We also see the essence of Nia reflected in Breonna Taylor, the 26-year-old EMT who was horrifically gunned down in her home in Louisville, Kentucky this March by police officers. Breonna’s story languished without national attention for months until her family and others pushed for acknowledgement of her life and the impact that police violence has on Black women as well as Black men. Though her killers escaped justice for cutting the aspiring nurse’s life short, Breonna has gone on to symbolize the renewed movement for police accountability. Legislation banning the warrants that cops used to enter her home on that fatal night has been passed in her honor, and her name has been invoked by high-profile athletes in the NBA and WNBA using their highly visible platforms to call for change, displayed on billboards across Louisville, and even shown up in the halls of Congress.


Julian Bass; Jimir Reece Davis
Julian Bass; Jimir Reece Davis

On the second to last day of Kwanzaa, we celebrate Kuumba, the principle that’s all about creativity and recognizing the long practice of Black people beautifying whatever we get our talented hands on. In 2020, 23-year-old Jimir Reece Davis (@loneamorphous on Twitter) embodied this legacy by using the reach of Twitter and his own prodigious gifts at the mixing board to beautify our timelines with his addictive mashups of classic songs and modern anthems like Rihanna’s “Kiss It Better” and Luther Vandross’ “Never Too Much.” After racking up tens and thousands of views for that mind-blowingly good musical creation, Davis went on to create more smooth jams, adroitly mixing together Beyonce’s “Hold Up” with Notorious B.I.G’s “Big Poppa,” and putting his own stamp on iconic throwbacks like Aly-Us’ “Follow Me.”
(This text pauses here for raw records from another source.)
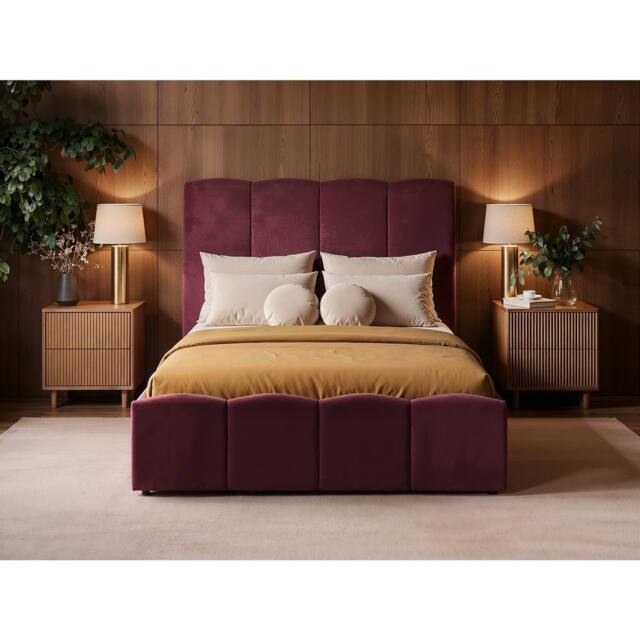 Solace+Co Enrica Upholstered Panel Bed Frame with Statement Headboard in Burgundy - Size: King - image 1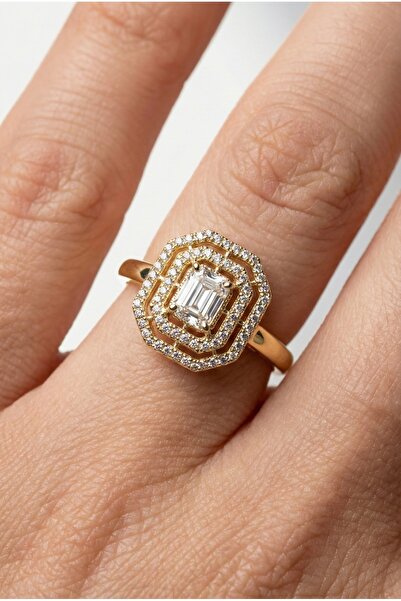 Modacaprea Xuping 14K Baget Taşlı Dikdörtgen Kadın Yüzük – Kararmaz Altın Ren...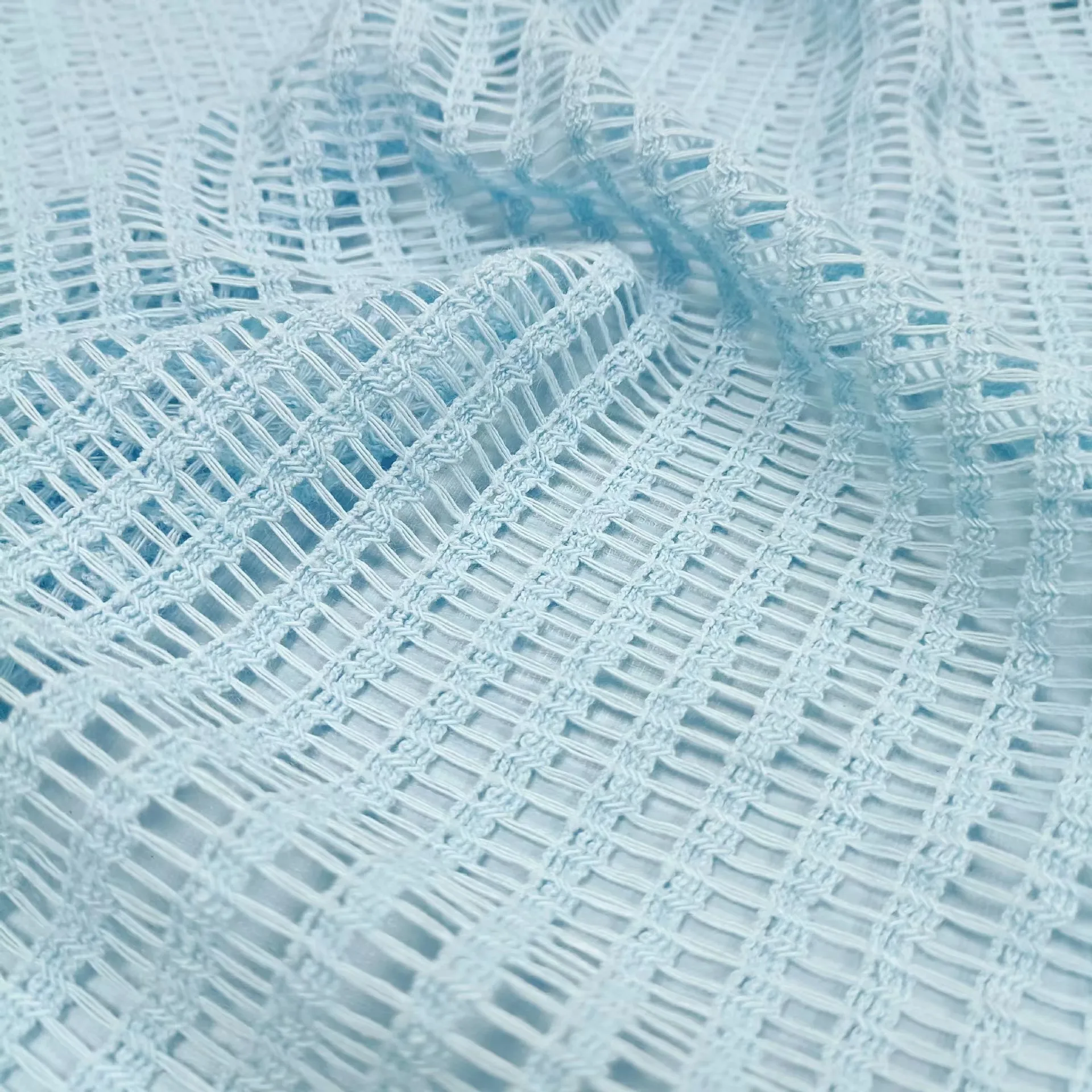 Crochet fabric hollow light weight breathable summer beach covers 4 Way Stretch fabrics for clothing women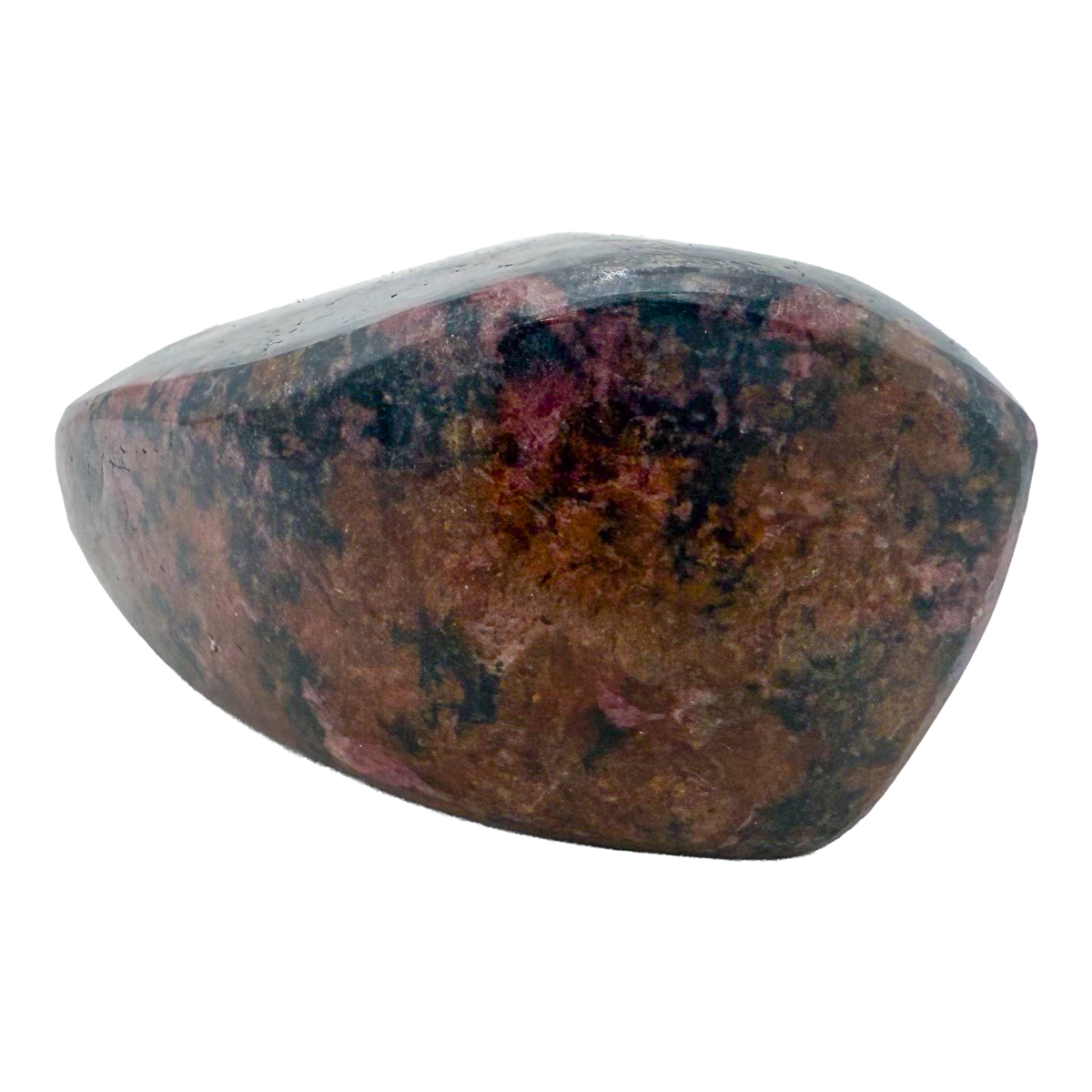 Rhodonite polished free form from Zimbabwe, alternate view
Also in our running for reflecting Kuumba this year is Julian Bass, a 20-year-old theater college student from Georgia who brought incredible movie magic to Tik Tok with his next level video editing abilities. Bass was able to skillfully employ animation and special effects to turn himself into a very believable Jedi Knight, the cartoon superhero Ben 10, and even Spiderman—complete with web-shooting power—all in a single 20 second video that’s racked up 1.4 million views and counting. Young Black people are clearly full of creativity, and these two led the charge in keeping Kuumba alive for our community in 2020.
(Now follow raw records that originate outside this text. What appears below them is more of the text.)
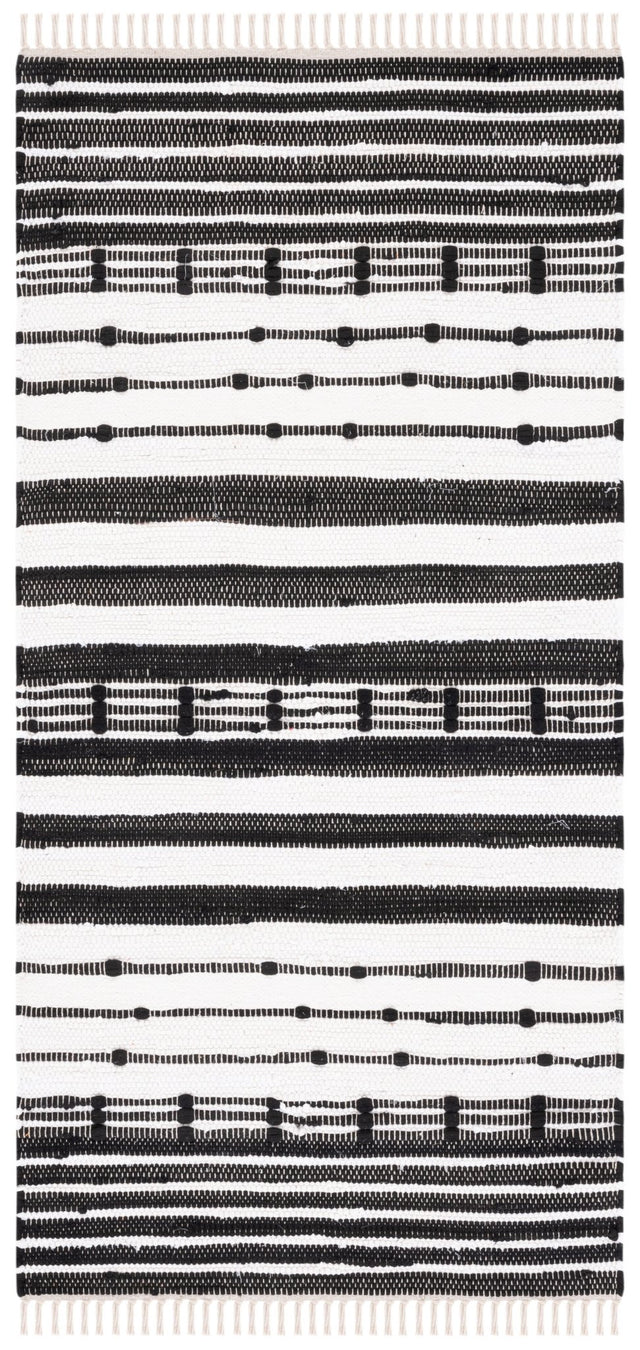 Safavieh Striped Kilim Stk205Z Black/Ivory Rug.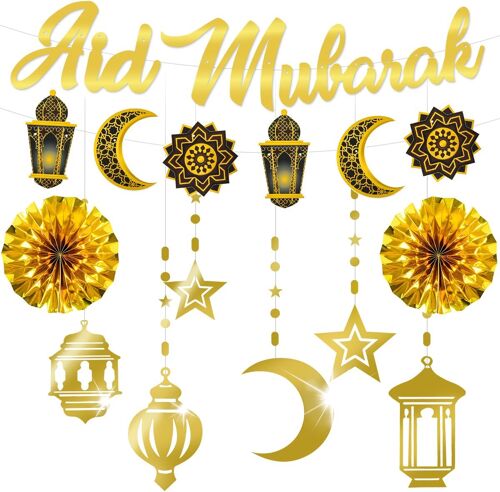 MEVRONISSHOP-Decoration Aid Moubarak 2025 Decoration Eid Noir Or Eid Mubarak Decoration Or Banderole Aid Mubarak Etoile Lune Guirlande Spirale Etoile Lune - Décor Jardin Maison Restaurant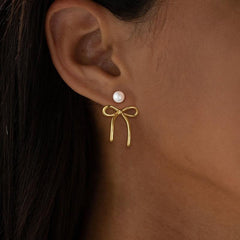 14K Pearl Accented Dangle Bow Earrings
Kwanzaa closes out with the principle Imani, which translates to faith and is about belief in our people, families, and the righteousness and victory of our struggle. Fittingly, we see Imani as best personified in 2020 by a man of faith—Rev. Greg Drumwright in North Carolina. The pastor led a march to the polls during early voting in Alamance County, N.C. that police there decided to disrupt by pepper spraying into the crowd of men, women, and children who gathered for a moment of silence to recognize the life of George Floyd. Though the cops’ actions left the demonstrators coughing, vomiting, and appeared to even send one into a seizure— the Alamance County Sheriff’s Office then charged Drumwright with felony assault. But the reverend didn’t silently succumb to the attempt to dissuade him from his mission for social and racial justice. Drumwright countersued the police in Alamance County and has not backed down from the righteousness of protests, saying, “We will not let up until change comes down.”

We can’t think of a better sentiment to end on for Kwanzaa 2020.